■ WORK INSTRUCTIONS ■
Every line in the records below between the one holding "Diamond Quilted Carry" and the one holding "Kelimteppe - Splash", inclusive, is to be set down exactly; all other lines are to be left out.

■ RECORD EXCERPTS ■
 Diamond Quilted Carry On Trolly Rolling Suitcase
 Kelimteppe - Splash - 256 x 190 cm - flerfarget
---
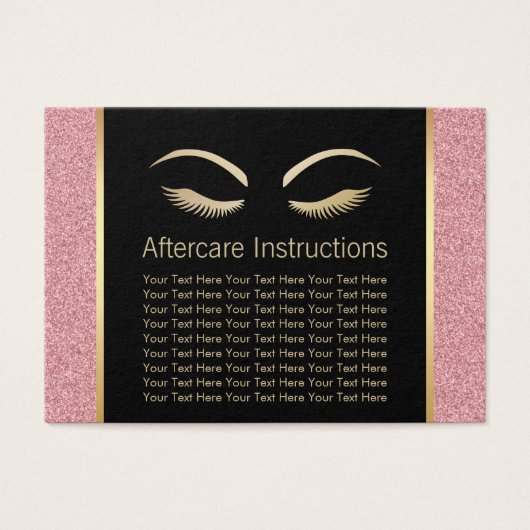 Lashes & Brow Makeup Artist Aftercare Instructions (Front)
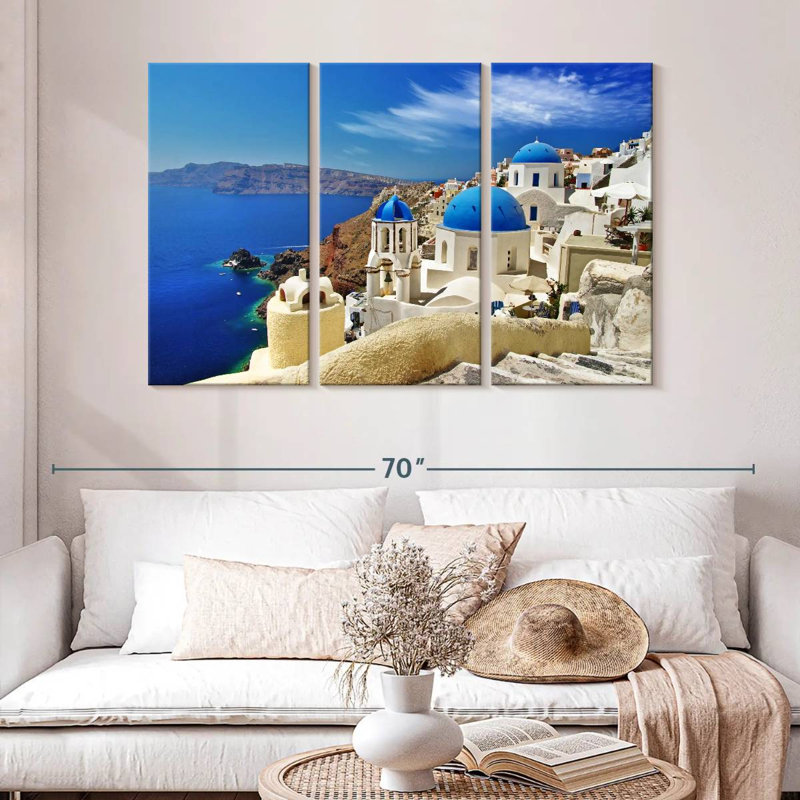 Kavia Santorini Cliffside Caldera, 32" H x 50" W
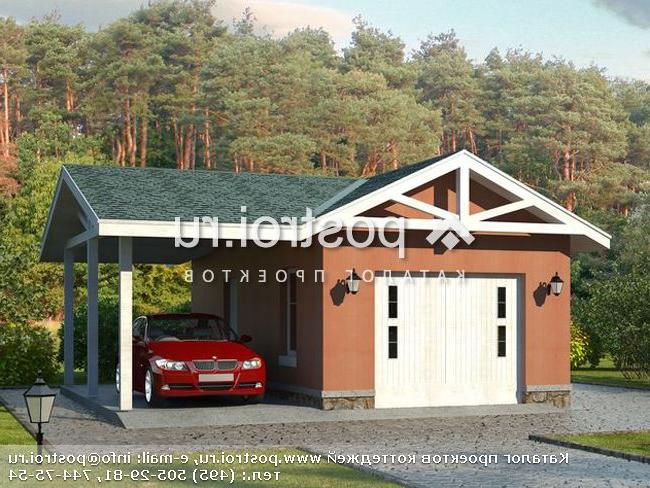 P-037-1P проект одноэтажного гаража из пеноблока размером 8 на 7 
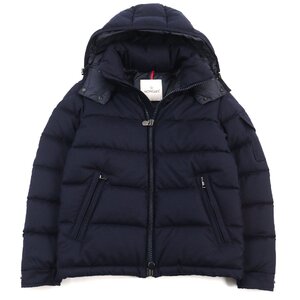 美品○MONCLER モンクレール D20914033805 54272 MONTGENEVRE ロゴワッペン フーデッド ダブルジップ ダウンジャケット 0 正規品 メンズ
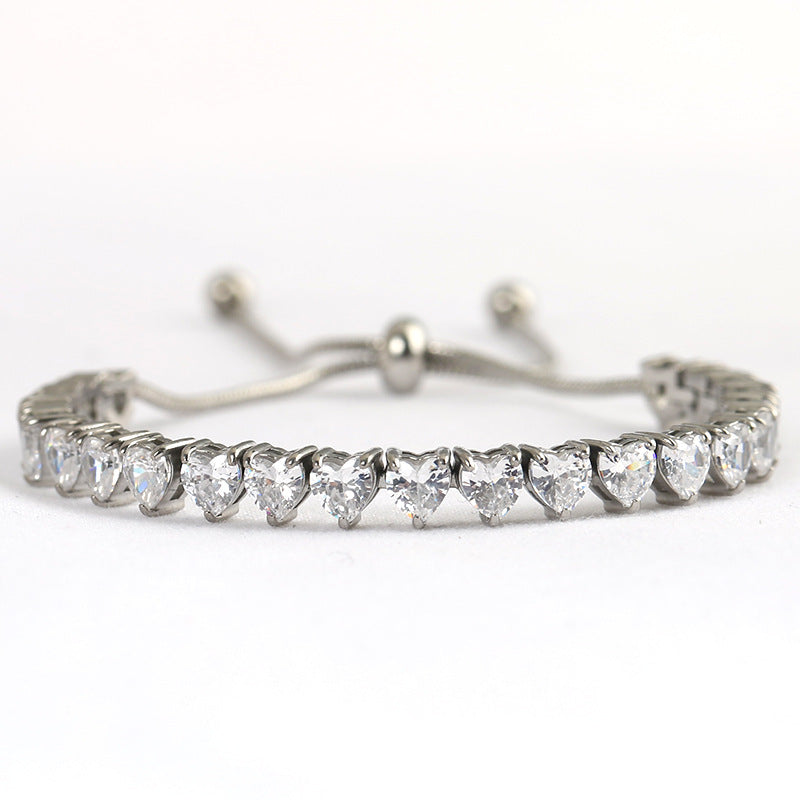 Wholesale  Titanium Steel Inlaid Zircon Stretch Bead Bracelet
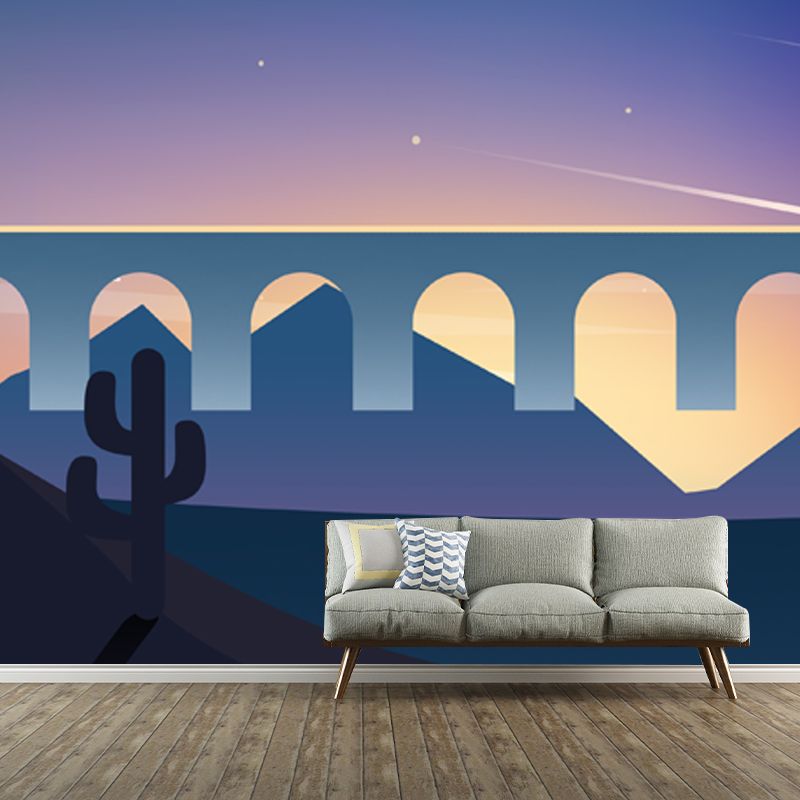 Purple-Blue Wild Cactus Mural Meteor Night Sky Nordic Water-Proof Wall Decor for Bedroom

■ TASK OUTPUT ■
 Diamond Quilted Carry On Trolly Rolling Suitcase
 Kelimteppe - Splash - 256 x 190 cm - flerfarget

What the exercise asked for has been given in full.